San Fran School Board

San Fran Voters Boot Three Radicals From City School Board, Parents Claim Trio Ignored Their Voices

California Democratic Gov. Gavin Newsom easily survived a recall election last year. Three left-wing school board members in San Francisco, not so much.

In what The New York Times referred to as “a recall election fueled by pandemic angst and anger,” city voters booted school board members Alison Collins, Gabriela López, and Faauuga Moliga. Lopez was actually the board president.

The three were so radical that not even the lefty voters in San Fran could no longer stomach them.

As The Free Press reported last summer, the board itself had voted to strip Collins of her title as vice president after old tweets came to light. In those comments, she had referred to Asian-Americans with the N-word. Collins also had accused Asians of using “white supremacist” thinking in order to “get ahead.”

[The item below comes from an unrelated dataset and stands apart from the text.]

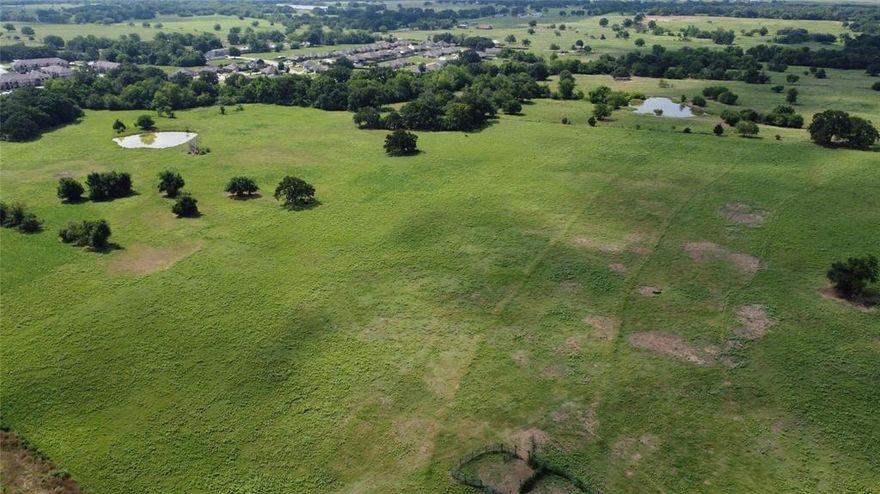 Expansive opportunities await this 45.402 acre tract offering great possibilities, located on the newly established Wildcat Way surrounded by growth and development. Close proximity to Interstate 30, high traffic volume, nestled between two apartment complexes and a housing development. Two ponds, Ag exempt with cattle grazing and barbed wire permitter fencing. Buyer or Buyer's agent to verify all information, confirm intended or future use and restrictions with the City of Sulphur Springs.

Collins, by the way, is Black.

In other examples, the board at one point wanted to rename more than 40 schools because of their namesakes’ alleged ties to white supremacy, and other sins against political correctness. One of the people on that list was current Democratic Sen. Dianne Feinstein.

After critics pointed out that some of the historical figures did not belong on the list, Lopez denounced the critics for trying to discredit the process.

Among the other examples of being too woke by far, the board rejected a white male parent for an advisory board appointment for not being “diverse” enough, even though he was gay. The board also voted to kill a competitive entrance exam for an elite high school because too many Asians made the cut.

The Times reported that more than 70 percent of voters supported the recall of each member. That outcome tracked with opinion polls in the race that The Free Press reported on last summer.

The Times noted that many voters, especially Asian-Americans, were angry about the scrapping of the entrance exam at Lowell High School, the district’s most prestigious school, as well as the effort to rename schools instead of trying to reopen them during the pandemic.

“The voters of this city have delivered a clear message,” Mayor London Breed, a recall proponent, said in a statement. Breed will appoint the new members.

In a message that might give liberals everywhere pause, Meredith Dodson, executive director of the San Francisco Parent Coalition, which advocated for reopening schools, said the successful campaign showed the power of activism by parents.

“We can never go back to the previous world where parents weren’t organized and weren’t lifting up their concerns together,” she told the Times.